━━━━━ RECORDS FOR THE EXERCISE ━━━━━
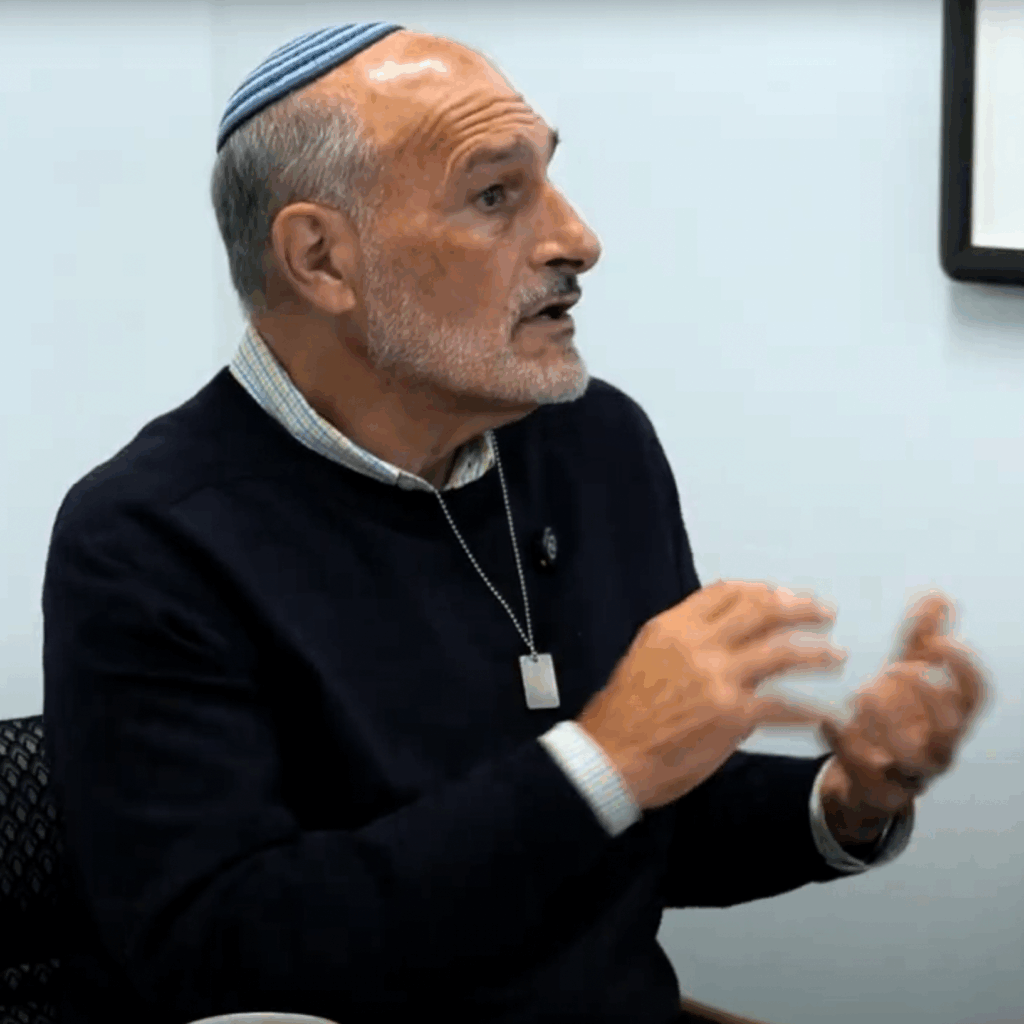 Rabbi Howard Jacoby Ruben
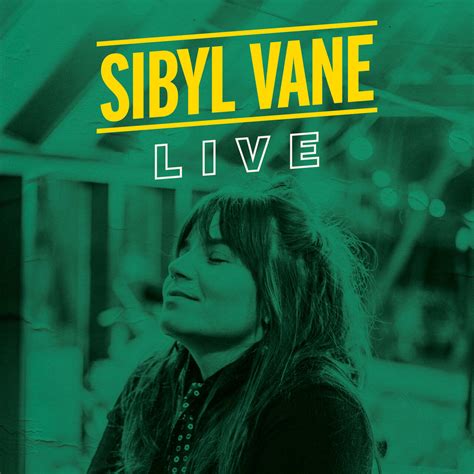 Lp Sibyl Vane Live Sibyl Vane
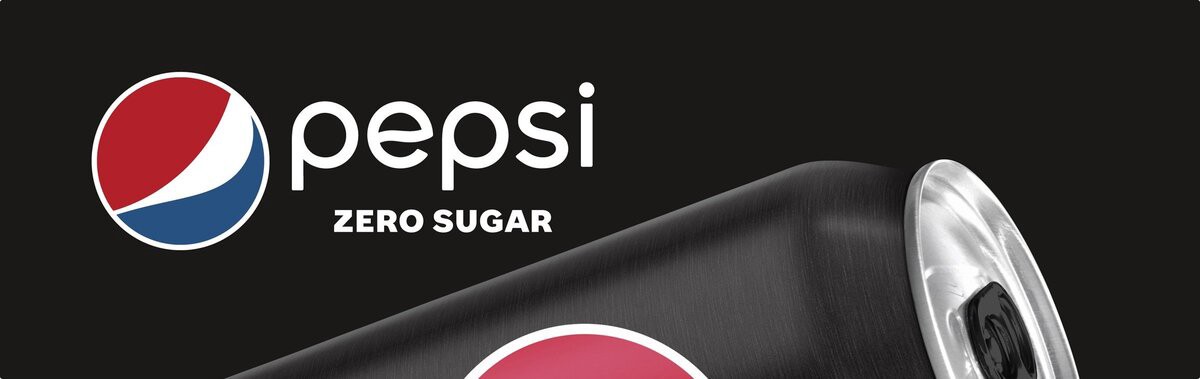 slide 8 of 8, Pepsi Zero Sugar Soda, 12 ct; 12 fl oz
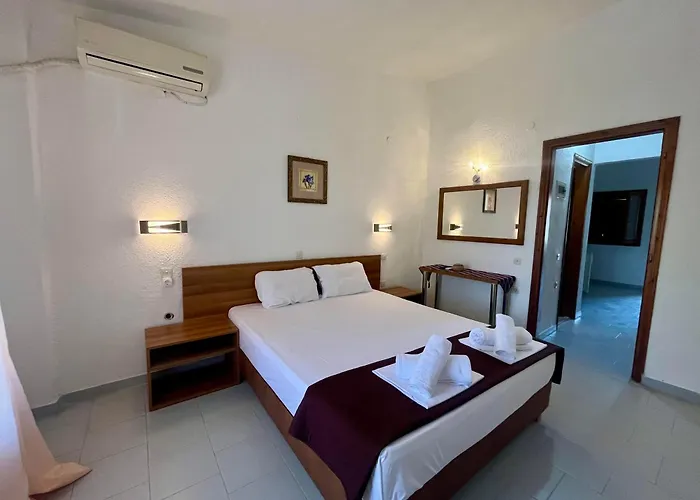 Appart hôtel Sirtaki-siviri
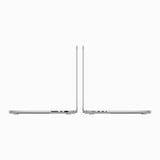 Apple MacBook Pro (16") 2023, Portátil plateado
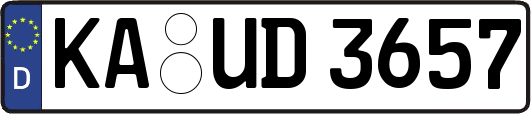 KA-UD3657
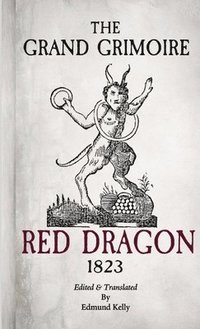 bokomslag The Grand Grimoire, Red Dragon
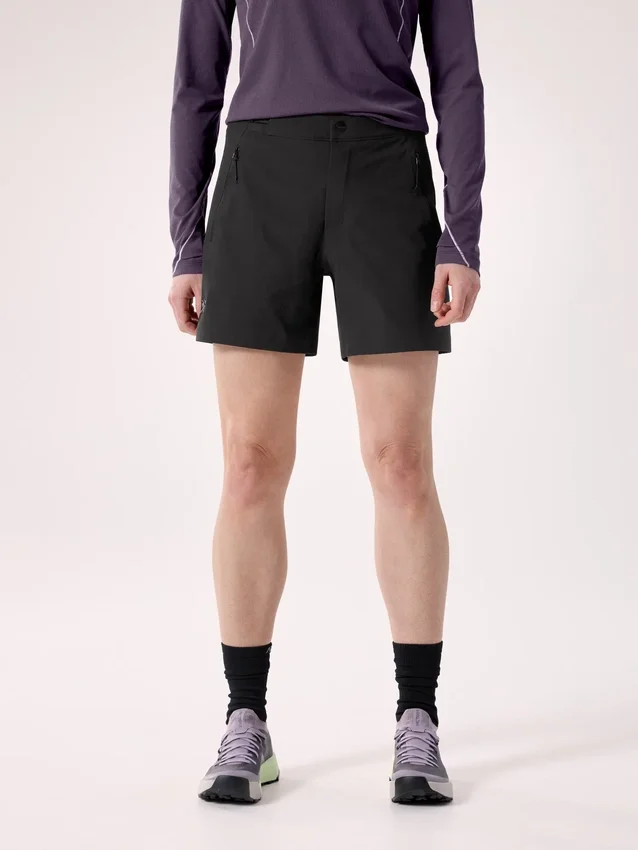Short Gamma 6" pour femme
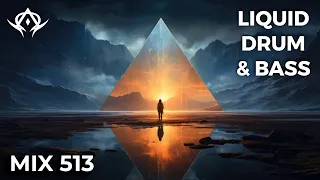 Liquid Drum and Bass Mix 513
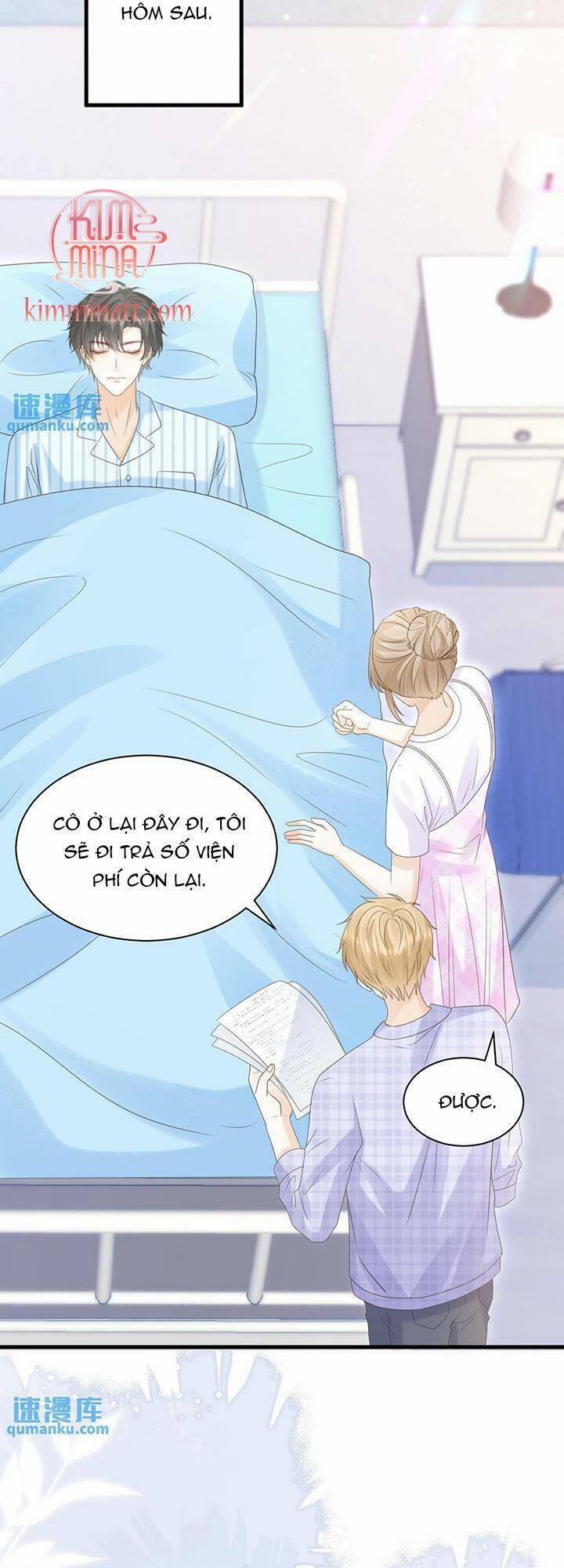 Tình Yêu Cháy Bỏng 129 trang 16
━━━━━
WHAT TO DO:
Copy the data word for word, no pictures.

FINISHED EXERCISE:
 Rabbi Howard Jacoby Ruben
 Lp Sibyl Vane Live Sibyl Vane
 slide 8 of 8, Pepsi Zero Sugar Soda, 12 ct; 12 fl oz
 Appart hôtel Sirtaki-siviri
 Apple MacBook Pro (16") 2023, Portátil plateado
 KA-UD3657
 bokomslag The Grand Grimoire, Red Dragon
Short Gamma 6" pour femme
 Liquid Drum and Bass Mix 513
 Tình Yêu Cháy Bỏng 129 trang 16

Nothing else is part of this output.